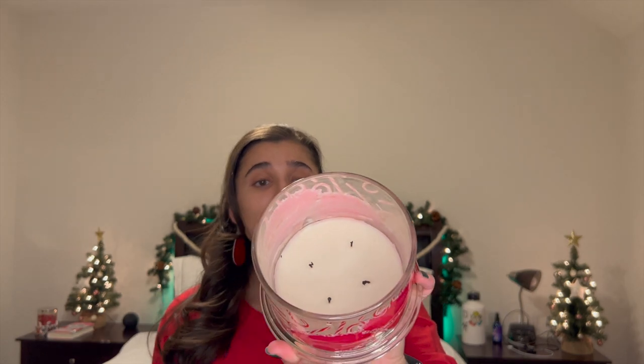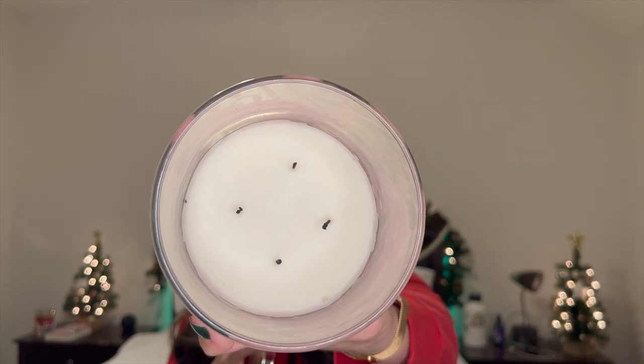Let's talk about the wicks. The wicks did really well. You can tell right here that they all pulled out completely evenly. It burned amazingly. I would say it did get some mushroom tops, but not always. You can actually see right here that a few of them have some mushroom tops, but a few of them don't. So I think it's just a standard wick — sometimes you have to trim them and sometimes you don't — but the wax definitely pulled out evenly and performed really well.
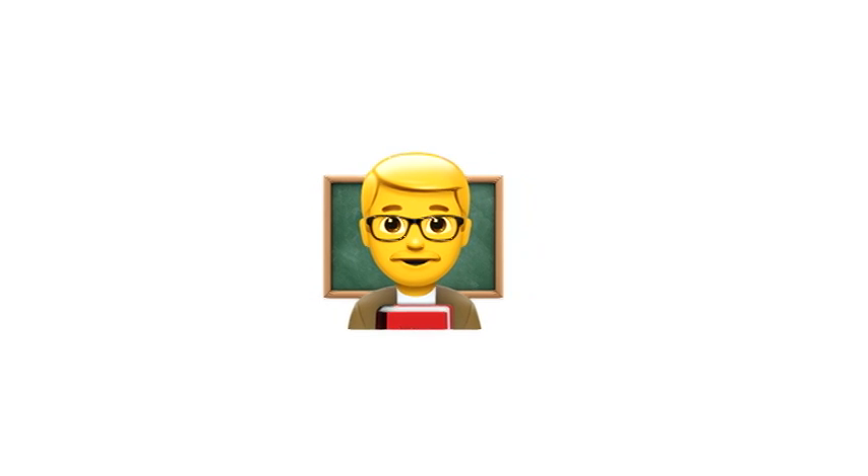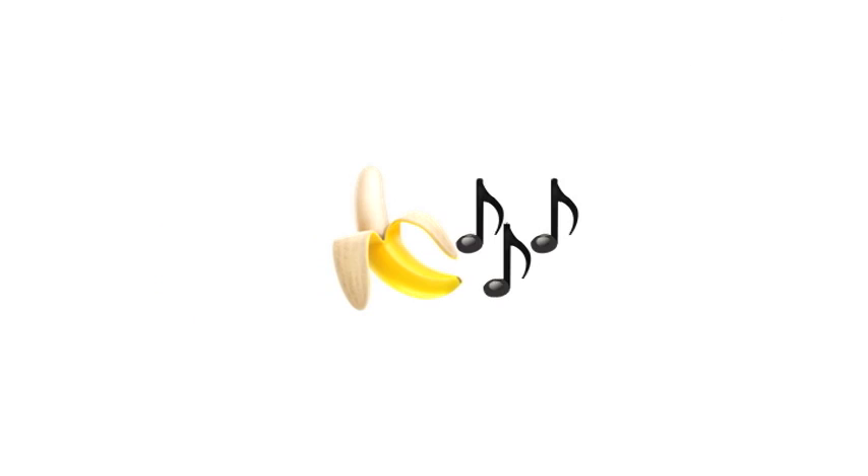Welcome. This is an explanation of the revered banana song. Are you ready? Here we go.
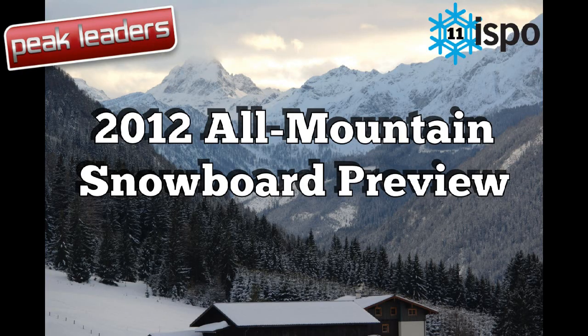Welcome to Snowboard Review TV, supported by Peak Leaders Instructor Training Courses. This is the 2012 All-Mountain Snowboard Preview.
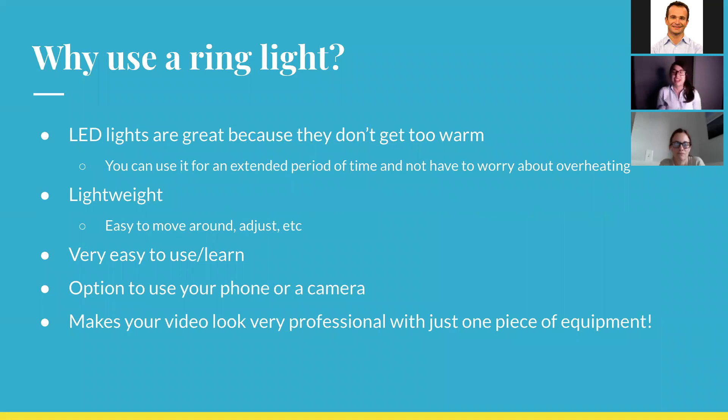So why should you use a ring light when we have so many other lighting options here at MCTV? Well, in general, LED lights are great because they don't overheat or get too warm. Other options like tungsten lights or softbox lights tend to get very warm after a while, so you can't really use them for a long period of time. With LED lights, you can use them for an extended period of time and not worry about that. The ring light is also super lightweight and very easy to move around and adjust. The first time I picked it up, I was preparing for it to be heavy — it is super light and very easy to carry around. You can put it in the trunk of your car to take it home.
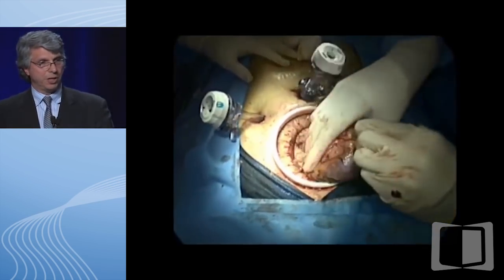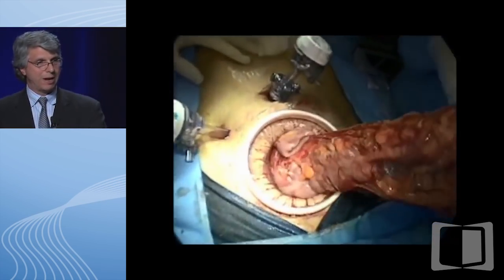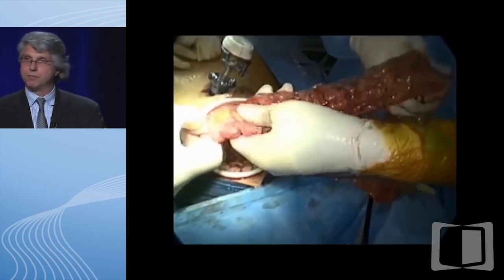This now is the fun part. We usually have the medical student do this, where we actually extract the colon.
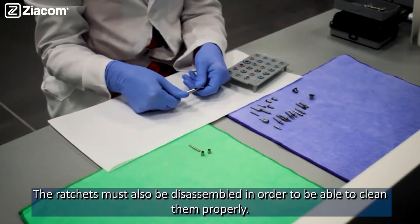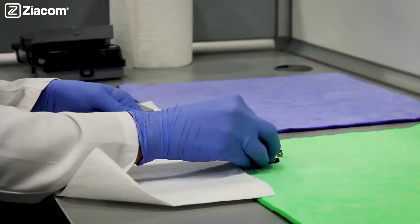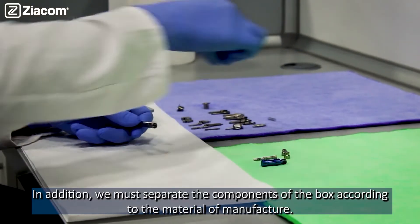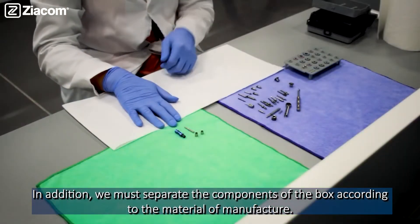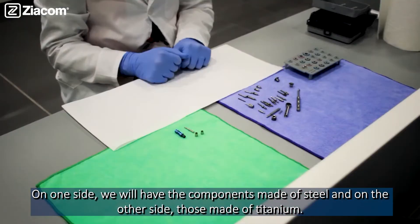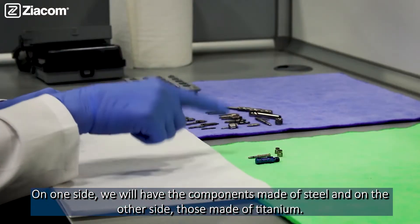The ratchets must also be disassembled in order to be able to clean them properly. In addition, we must separate the components of the box according to the material of manufacture. On one side, we will have the components made of steel, and on the other side, those made of titanium.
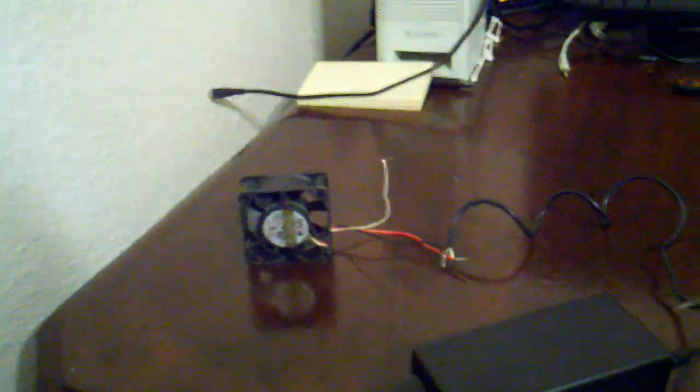These fans came from an old computer I was using as a server but isn't in use anymore. I decided to take the fans out of it. This big one here is actually from the power supply, and this little one is from the CPU heatsink. I took those off and cleaned them up a bit.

What you will do → Nothing outside the stretch above, from the line with "This now is" through the line with "The ratchets must", is set down. Transcribe that stretch exactly, ends included, but not its pictures.

Result of the task →
This now is the fun part. We usually have the medical student do this, where we actually extract the colon.
The ratchets must also be disassembled in order to be able to clean them properly. In addition, we must separate the components of the box according to the material of manufacture. On one side, we will have the components made of steel, and on the other side, those made of titanium.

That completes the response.